5. Message copy – you’ve come far already, they have opened the email, now take them through structured consumption of your message, oh and you’ve got about 100 words to do so

Now that we have done the following correctly: you’ve got good data, your setup is impeccable, and you’ve written subject lines that hit open rate of the upper 80% (have seen enough times to know it’s really possible), now things get serious.

Paraphrasing the words of the evil but entertaining Calvin Candie (Leonardo DiCaprio’s character in Django Unchained):

‘You had your prospect’s curiosity with your subject line, now with your message copy you gain their interest.’

Some basic points to remember when drafting your message content

With bad content you can really ruin (yes, ruin, I am being that negative), your campaign’s potential. So to avoid that let’s list a few basic ideas and considerations:

  • your prospect viewing your message is only the continuation of the process not the end by any means because an opened email that was not answered did not deliver the intended result of initiating a dialogue with the recipient
  • your message should not deviate from what is indicated in the subject line otherwise it may be perceived as clickbait (if you’ve ever been rick-rolled you know how lame clickbaiting is)
  • just like in the subject line avoid words which are associated with spam (I’ll be doing another long form post about message content in which I’ll list the spam words which should be avoided)
  • personalize where possible with a focus on crafting content that provides some type of value to the end recipient, e.g. an insight, interest resource, even humor can count as value
  • hypothesize what the message will cause and why (the reason I recommend doing that is because you don’t have to be right you just have to have a structured approach to writing your message to lower the randomness that is not measurable)

Purpose of message content

The content in your message can make or break your campaign. Too many sales devs want to progress too fast in the sale cycle. They are not taking the prospect’s needs into consideration. One of the biggest mistakes you can make while doing cold outreach is to try to sell your product in the message. The message is not at all a channel for selling a product or a service, it is in fact the initiation of an early stage dialogue with a potentially interested party.

I’ve received so many emails that try to sell me their product instead of initiating a dialogue and it’s simply too much to ask from the prospect. A sale has so many steps and the bigger the deal size the more complicated it’s going to get (all other things being equal), so when you try to close a deal or even generate a qualified opportunity on basis of cold outreach, then you’re asking the prospect to do all the work. So make it easy for them, ask them what is absolutely necessary to progress the sale (without losing them) and serve them just enough content that they need in order to convert.

Why buyers won’t convert to sale simply because you contacted them

To seasoned sales people and outbound marketers, the title of this paragraph is totally redundant (probably a resounding ‘duh’ is the main thought in your mind right now), however still a lot of marketers attempt to achieve the exact opposite of it.
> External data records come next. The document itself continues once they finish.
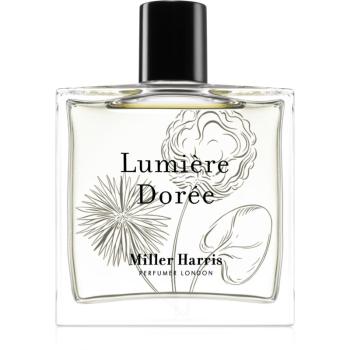 Miller Harris Lumiere Dorée Eau de Parfum pentru femei 100 ml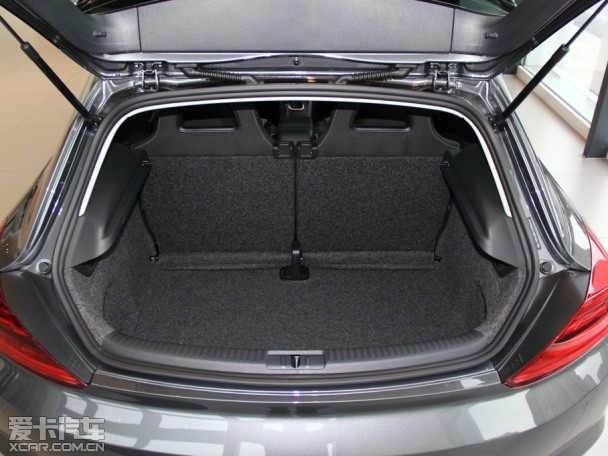 大眾(進(jìn)口)2015款尚酷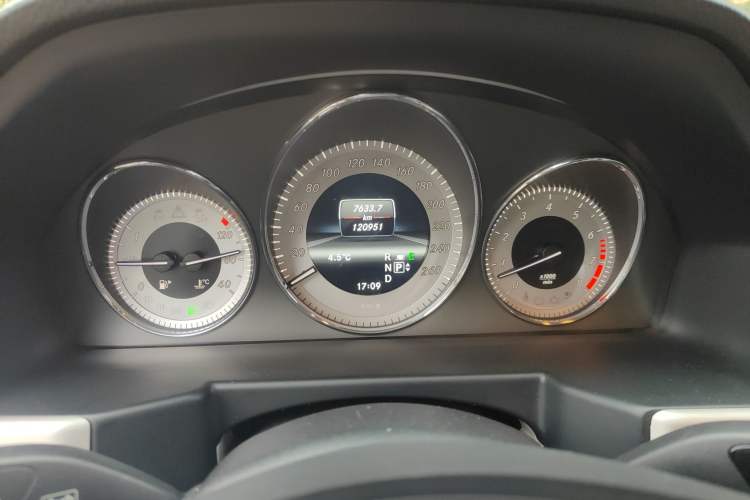 Used Mercedes-Benz GLK-Class 2013 GLK 300 4MATIC Dynamic Edition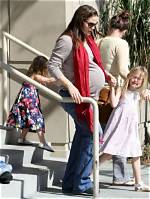 Is Jennifer Garner Pregnant? What She's Said About the Rumors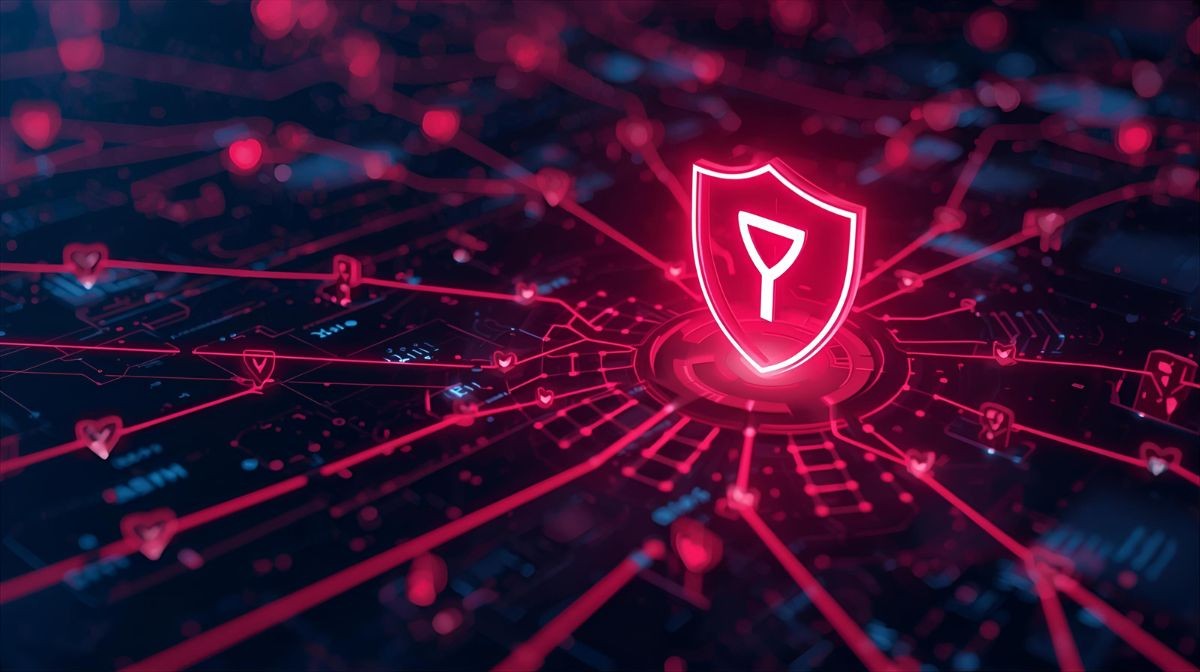 فیلتر شکن کروم اندروید YULO VPN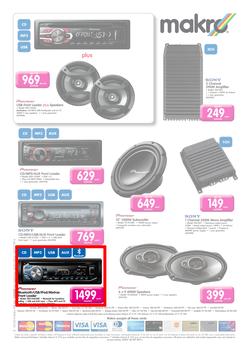 Makro : Audio and Navigation (26 Jan - 3 Feb 2014), page 2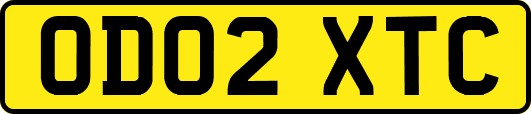 OD02XTC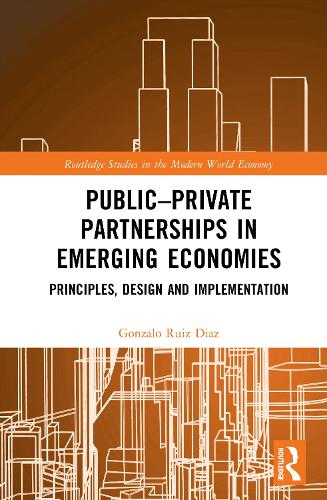 Public-Private Partnerships in Emerging Economies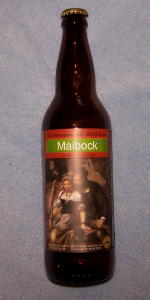 Maibock (Big Beer Series)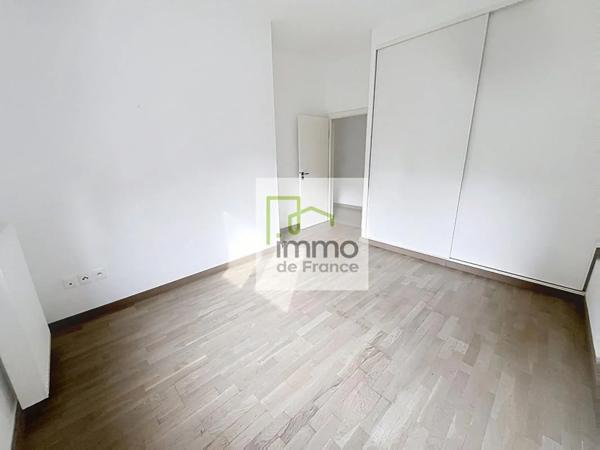 Appartement à louer à Madeleine (59110)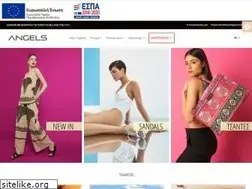 Sites similar to angelsfashion.gr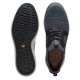 CLARKS</br>Ανδρικά Sneakers Μαύρο UN GLOBE LACE Clarks CLARKS</br>Ανδρικά Sneakers Μαύρο UN GLOBE LACE Clarks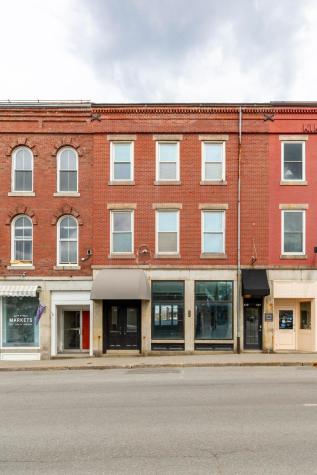 429 Main Street Rockland ME 04841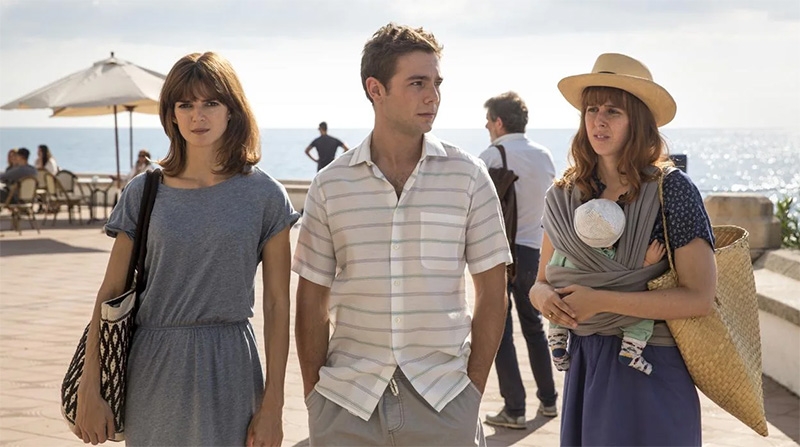 Final de Gente que Viene y Bah explicado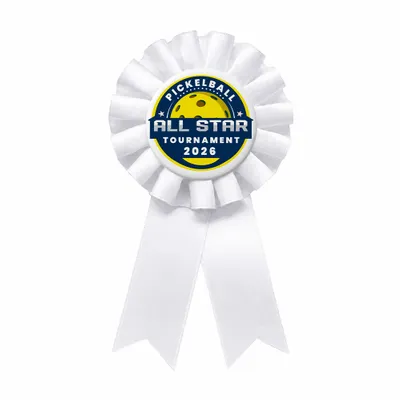 White - Custom Patch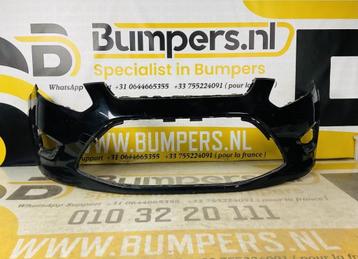 BUMPER Ford C Max CMAx Facelift VOORBUMPER 1-D8-6796z beschikbaar voor biedingen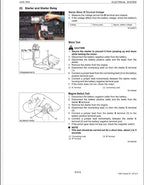 Kubota L4400, L4400HST, L4400, L4400HSTHST Tractor Workshop Repair Manual PDF manual preview page 211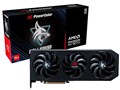 PowerColor Hellhound AMD Radeon RX 9070 16GB GDDR6 RX9070 16G-L/OC [PCIExp 16GB]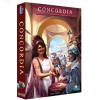 Настольная игра Rio Grande Games Concordia (Конкордия), английский (4280000097088)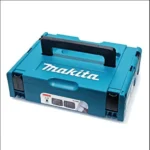 Juego Kit 17p Mecha Punta Cincel Sds Plus Makita B-53877 - Imagen 4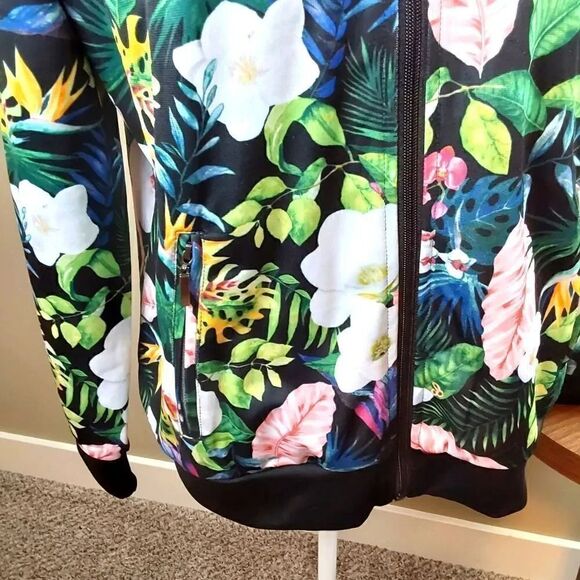 Princess Cruises Jacket Sz M - Picture 6 of 9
In this paragraph I’m going to list a few very important and irrefutable reasons why buyers need to speak to a human (salesperson) to close the deal.

  • there is a lot of money at stake
  • buying decisions impact other people in the company where this impact is stronger at higher ticket size products
  • a lot of the contracts are long term so careful thought is given before the buyer commits
  • products have become complicated and need to be explained
  • buyers are second guessing themselves all the time and often end up making wrong decisions when they have only considered the ‘online presence’ of the vendor and have not spoken to a real person
  • and probably a dozen other reasons

In sum, trying to close the deal via outreach is a sub-par tactic in business to business context.

As I mentioned above in a slightly different way, starting a dialogue with an interested prospect is the best use of cold outreach. Your desired result should be somewhere between the stages of marketing qualified and sales qualified. Cold outreach intended results land somewhere between those levels of qualification.

The subject of message copy is so broad and deep that it can have an entire blog (post) dedicated to it. So I’ll tackle that topic on another day, the current post discusses message copy within the scope of getting the email delivered and opened WITHOUT creating a tricked or baited feeling in the recipient’s mind.

Since I wrote about the kind of placeholders you can use in subject line in the static vs dynamic placeholders subject lines, it’s only fair that I do the same for message copy as well.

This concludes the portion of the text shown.